In this unit we will treat digital art and research projects as cultural artifacts. Asking students to "read" these artifacts as artistic creations, we will discuss the technologies of electronic publishing and the material constraints they impose on production. In addition we will look at institutional constraints imposed by departments, libraries and other communities of digital production.

Interface

In our unit on interface we want students to understand the importance of interface within a broader history of computing and to grasp the challenges associated with designing effective and aesthetically appealing interfaces. We also want to broaden the sense of interface, remembering that we are surrounding by interfaces: books, dashboards, ATM machines, stovetops. In the knowledge representation seminar, we will focus on the information architecture side of interface design. How does one organize information in digital environments? How does one balance concerns for audience-ease of use-with concerns for aesthetics-interface as art? How does the metaphor of the "page" affect design in digital environments?

Since many of our students might one day build research archives, we will also evaluate current efforts to build information architectures and interfaces for projects at institutions such as IATH. In this more focused study we will ask students to consider what is involved in making an interface that acts as a provocation. How does one design an interface that will allow users to find what they're looking for AND to discover what they didn't even know existed?

Project: Radically redesign the computer interface. At one time computers interfaces looked much more like dashboards or instrument panels in airplanes. This seems rather foreign to us now. Make the interface foreign again.

Project: Document common interfaces. Pay particular attention to the balance between audience and aesthetics. For whom was the interface designed? Was it intended to be aesthetically pleasing? Is there evidence of other design constraints?

Visualization

We will begin by exploring the distinctions between visualization and image. How does one read a visualization? We might query scholarship about iconography and emblems for a starting point. Do we have a grammar or an aesthetics for visualizations? Humanists rely on visualization algorithms from the sciences and the social sciences. Are these appropriate for our work? We will propose possible models of transformations, possible algorithms for generating visualizations from humanities data. Here we will also talk about notions of pattern. How are patterns produced? How do patterns mean?

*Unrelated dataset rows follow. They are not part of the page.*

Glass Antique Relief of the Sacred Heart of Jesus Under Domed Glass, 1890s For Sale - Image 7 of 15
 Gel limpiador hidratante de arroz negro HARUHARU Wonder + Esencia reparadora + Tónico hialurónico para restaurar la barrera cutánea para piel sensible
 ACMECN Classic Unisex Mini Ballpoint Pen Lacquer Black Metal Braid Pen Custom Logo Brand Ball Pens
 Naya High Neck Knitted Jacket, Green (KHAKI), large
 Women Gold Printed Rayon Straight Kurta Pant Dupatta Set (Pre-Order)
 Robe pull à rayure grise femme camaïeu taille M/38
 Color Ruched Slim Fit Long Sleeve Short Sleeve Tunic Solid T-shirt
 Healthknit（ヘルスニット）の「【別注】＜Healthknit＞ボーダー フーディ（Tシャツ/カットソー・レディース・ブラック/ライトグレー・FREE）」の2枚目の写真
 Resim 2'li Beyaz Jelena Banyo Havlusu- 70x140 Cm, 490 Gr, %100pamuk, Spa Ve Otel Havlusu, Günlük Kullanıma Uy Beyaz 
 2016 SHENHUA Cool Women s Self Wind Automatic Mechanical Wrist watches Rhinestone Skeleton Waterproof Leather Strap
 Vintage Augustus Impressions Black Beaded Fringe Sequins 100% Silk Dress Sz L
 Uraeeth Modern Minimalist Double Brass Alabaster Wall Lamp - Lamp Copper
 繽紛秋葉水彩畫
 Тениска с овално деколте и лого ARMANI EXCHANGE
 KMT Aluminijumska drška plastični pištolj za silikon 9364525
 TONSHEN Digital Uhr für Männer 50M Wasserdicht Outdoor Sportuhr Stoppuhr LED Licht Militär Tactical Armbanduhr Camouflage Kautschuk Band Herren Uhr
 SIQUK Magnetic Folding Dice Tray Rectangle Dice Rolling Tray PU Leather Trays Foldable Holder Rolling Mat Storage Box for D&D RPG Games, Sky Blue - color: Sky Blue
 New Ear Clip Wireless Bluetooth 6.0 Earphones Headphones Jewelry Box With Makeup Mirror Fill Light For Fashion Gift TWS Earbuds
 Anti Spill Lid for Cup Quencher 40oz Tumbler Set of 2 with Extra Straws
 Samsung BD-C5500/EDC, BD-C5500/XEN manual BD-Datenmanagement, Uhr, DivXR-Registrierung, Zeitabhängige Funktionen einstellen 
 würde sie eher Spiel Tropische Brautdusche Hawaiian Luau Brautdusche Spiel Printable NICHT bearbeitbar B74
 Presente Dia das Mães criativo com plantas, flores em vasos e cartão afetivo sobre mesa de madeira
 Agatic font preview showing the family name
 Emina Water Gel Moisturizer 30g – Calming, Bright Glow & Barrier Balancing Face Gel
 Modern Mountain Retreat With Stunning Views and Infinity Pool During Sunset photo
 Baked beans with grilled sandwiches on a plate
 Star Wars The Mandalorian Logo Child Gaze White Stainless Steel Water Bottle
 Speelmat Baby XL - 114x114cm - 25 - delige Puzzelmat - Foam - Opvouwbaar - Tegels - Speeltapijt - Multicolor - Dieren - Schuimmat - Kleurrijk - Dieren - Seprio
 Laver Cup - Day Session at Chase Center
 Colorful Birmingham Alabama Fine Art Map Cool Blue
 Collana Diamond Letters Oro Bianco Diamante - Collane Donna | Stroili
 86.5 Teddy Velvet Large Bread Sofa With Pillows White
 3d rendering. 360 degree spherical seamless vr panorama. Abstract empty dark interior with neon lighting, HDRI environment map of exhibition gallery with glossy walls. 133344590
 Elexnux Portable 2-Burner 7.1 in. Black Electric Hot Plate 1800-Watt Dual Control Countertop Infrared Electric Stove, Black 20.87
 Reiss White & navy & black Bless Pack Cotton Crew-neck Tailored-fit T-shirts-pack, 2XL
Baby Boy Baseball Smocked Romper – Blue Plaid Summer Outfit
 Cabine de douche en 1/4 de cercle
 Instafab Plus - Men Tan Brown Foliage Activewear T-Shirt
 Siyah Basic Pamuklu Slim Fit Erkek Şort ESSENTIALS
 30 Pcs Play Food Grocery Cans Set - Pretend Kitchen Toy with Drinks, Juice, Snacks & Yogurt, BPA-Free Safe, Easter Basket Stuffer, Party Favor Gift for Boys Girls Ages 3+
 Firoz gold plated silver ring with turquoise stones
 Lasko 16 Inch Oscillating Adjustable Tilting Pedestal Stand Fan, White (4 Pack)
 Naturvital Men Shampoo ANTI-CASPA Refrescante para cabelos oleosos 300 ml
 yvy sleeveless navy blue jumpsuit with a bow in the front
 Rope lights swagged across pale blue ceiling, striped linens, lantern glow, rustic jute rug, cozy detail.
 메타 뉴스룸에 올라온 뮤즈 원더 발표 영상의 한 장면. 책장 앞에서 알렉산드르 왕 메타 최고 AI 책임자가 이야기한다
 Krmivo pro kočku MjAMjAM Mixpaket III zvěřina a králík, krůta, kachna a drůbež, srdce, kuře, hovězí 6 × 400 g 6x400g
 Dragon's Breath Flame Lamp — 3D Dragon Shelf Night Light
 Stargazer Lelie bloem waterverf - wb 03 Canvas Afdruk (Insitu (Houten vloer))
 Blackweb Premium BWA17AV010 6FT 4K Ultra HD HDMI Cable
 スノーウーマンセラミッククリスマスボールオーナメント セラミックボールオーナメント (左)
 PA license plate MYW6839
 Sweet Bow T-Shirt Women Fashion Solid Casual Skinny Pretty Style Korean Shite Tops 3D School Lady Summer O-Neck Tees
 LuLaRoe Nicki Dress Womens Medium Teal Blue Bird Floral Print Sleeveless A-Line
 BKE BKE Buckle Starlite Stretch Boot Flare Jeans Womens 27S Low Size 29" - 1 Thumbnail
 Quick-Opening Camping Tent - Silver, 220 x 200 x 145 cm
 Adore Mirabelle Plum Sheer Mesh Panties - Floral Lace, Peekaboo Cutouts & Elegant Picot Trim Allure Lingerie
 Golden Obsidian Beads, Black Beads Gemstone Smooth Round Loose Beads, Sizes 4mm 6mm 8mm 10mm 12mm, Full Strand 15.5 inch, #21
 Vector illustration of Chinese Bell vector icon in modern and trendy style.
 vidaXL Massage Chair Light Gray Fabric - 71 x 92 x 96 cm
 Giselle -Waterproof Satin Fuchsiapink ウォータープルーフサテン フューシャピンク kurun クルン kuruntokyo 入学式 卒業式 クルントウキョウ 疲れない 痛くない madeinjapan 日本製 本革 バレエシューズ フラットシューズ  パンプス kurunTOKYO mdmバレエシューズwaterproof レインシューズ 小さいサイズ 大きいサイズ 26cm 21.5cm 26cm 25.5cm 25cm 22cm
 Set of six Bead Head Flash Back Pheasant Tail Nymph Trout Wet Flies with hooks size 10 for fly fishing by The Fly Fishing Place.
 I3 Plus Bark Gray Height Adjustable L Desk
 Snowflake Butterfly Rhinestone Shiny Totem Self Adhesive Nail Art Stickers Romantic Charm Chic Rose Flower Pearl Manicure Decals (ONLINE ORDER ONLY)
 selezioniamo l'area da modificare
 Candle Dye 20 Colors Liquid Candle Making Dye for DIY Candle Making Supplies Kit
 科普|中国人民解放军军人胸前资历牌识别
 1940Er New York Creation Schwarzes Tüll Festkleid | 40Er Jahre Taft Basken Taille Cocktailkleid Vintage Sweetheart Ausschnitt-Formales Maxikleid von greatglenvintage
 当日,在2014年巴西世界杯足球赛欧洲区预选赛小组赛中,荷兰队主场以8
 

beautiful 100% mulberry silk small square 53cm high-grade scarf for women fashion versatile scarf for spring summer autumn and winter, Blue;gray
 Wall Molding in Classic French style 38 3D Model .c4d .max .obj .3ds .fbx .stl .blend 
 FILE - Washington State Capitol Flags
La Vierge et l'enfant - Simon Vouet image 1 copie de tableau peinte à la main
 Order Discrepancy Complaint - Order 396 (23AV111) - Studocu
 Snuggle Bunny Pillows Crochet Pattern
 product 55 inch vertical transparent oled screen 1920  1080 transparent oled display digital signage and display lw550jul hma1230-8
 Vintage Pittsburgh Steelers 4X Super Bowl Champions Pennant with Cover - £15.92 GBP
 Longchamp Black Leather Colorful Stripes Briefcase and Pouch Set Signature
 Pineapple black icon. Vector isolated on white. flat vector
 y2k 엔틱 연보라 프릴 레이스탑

Project: Ask students to generate a visual provocation, visualization (or an image of a visualization) that will help a researcher ask a question about an artifact.

Game Design

Students will research game design and game criticism and its possible relations to knowledge representation. We will look at theories of agency and information in formal game theory and discuss their applications to research in humanities and in digital design. Current research in pattern languages and their application to game design will be reviewed with an eye toward establishing the connections between pattern languages and knowledge representation. Games also offer an opportunity to talk about the computer as a medium. How have digital technologies affected the experience of gaming? Finally we will talk about new investigations into the relations between gaming and hermeneutics. Is gaming a viable methodology?

Project: Ask students to design a pattern language.

Project: Ask students to generate a game design document.

Project: Articulate or translate a game from one medium to another.

Machine Intelligence

The central question for this section is: "What is intelligence?" To answer this question we will review historical concepts of mind and intelligence, concepts that developed well before attempts to recreate intelligence in a machine. With this background we will explore classic debates in the field of artificial intelligence with an eye towards placing them in the context of ongoing debates in the humanities. From here we will investigate more contemporary research in the field, including proposals that artificial intelligence and computational modeling of human intelligence might be separated into distinct fields. Finally we will spend some time on natural language processing and expert systems, two partially successful implementations of computational models of human intelligence.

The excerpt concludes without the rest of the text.